==== Given data ====
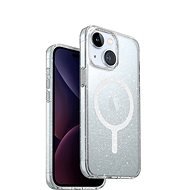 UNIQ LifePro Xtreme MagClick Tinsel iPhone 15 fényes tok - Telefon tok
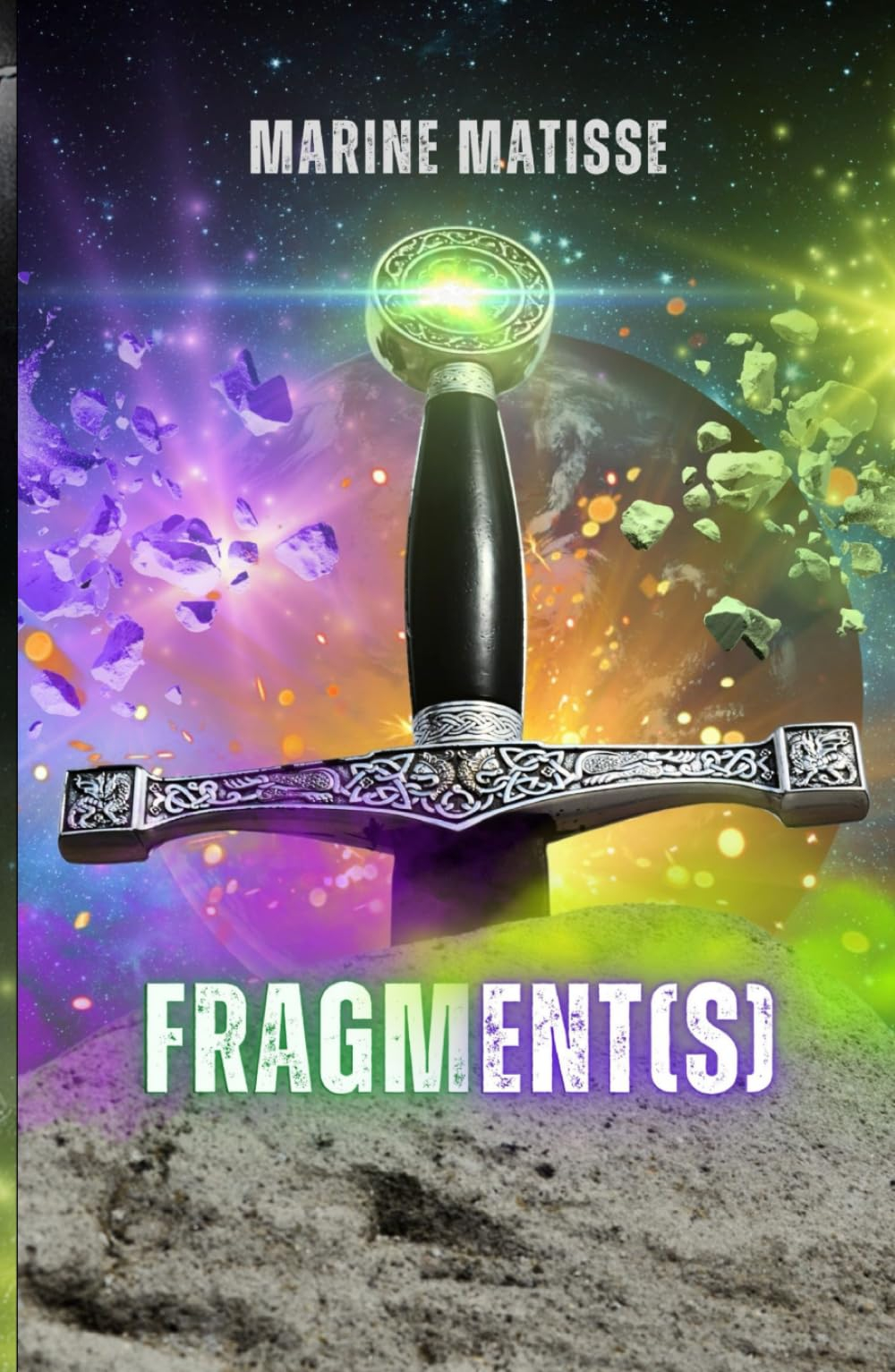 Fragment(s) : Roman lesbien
====
==== Given data ====
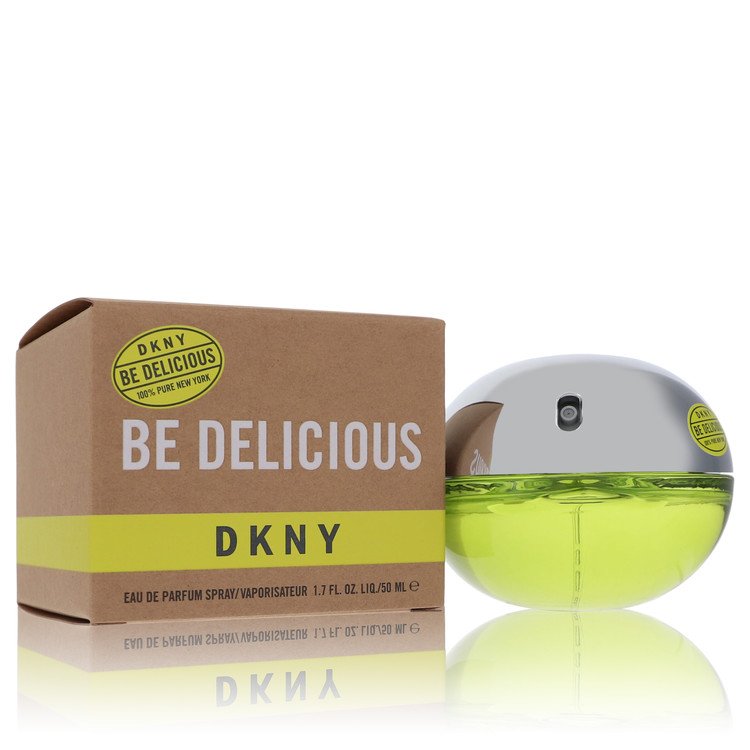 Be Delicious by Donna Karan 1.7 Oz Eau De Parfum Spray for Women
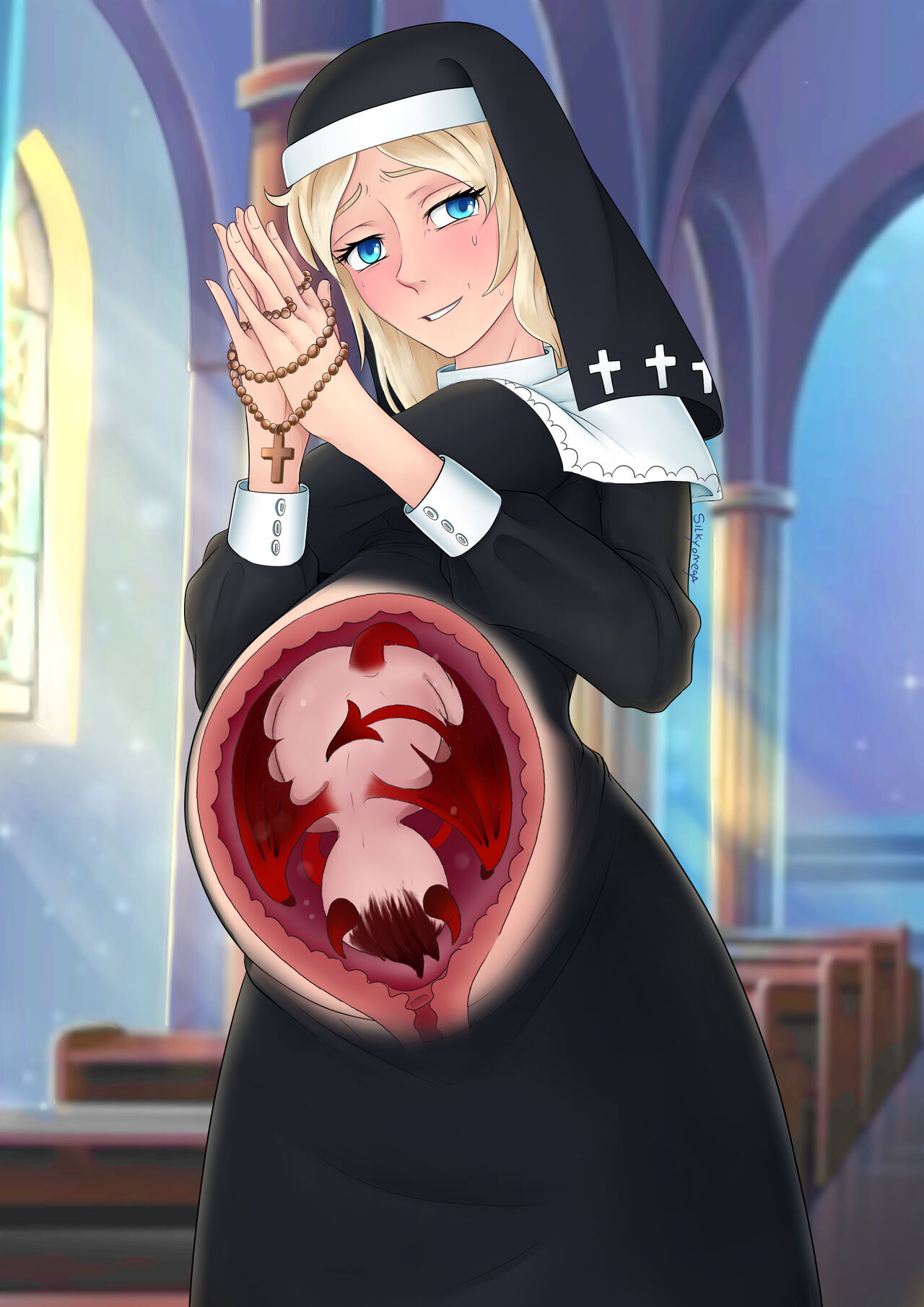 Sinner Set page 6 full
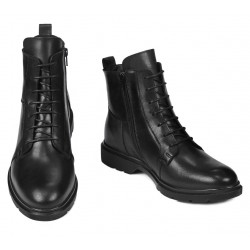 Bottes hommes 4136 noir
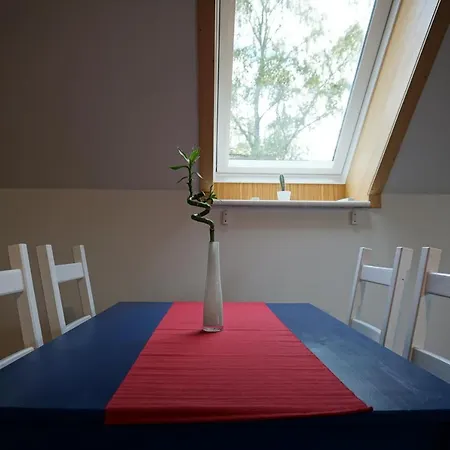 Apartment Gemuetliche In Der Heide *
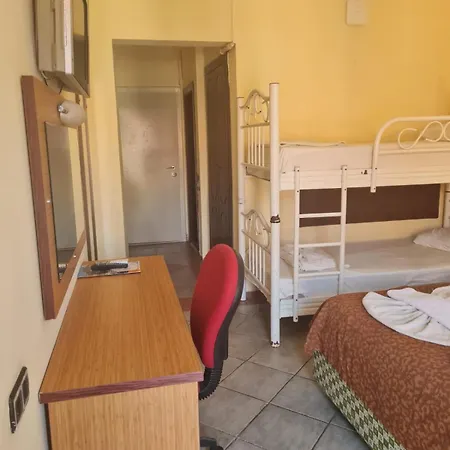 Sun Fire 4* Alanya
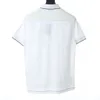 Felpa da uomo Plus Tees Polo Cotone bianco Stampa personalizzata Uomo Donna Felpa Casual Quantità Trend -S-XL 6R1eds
====
- Action item: The answer is those lines of the material above that run from the one containing "Sun Fire 4* Alanya" up to and including the one containing "Felpa da uomo", restated exactly and without images.

- Response:
 Sun Fire 4* Alanya
 Felpa da uomo Plus Tees Polo Cotone bianco Stampa personalizzata Uomo Donna Felpa Casual Quantità Trend -S-XL 6R1eds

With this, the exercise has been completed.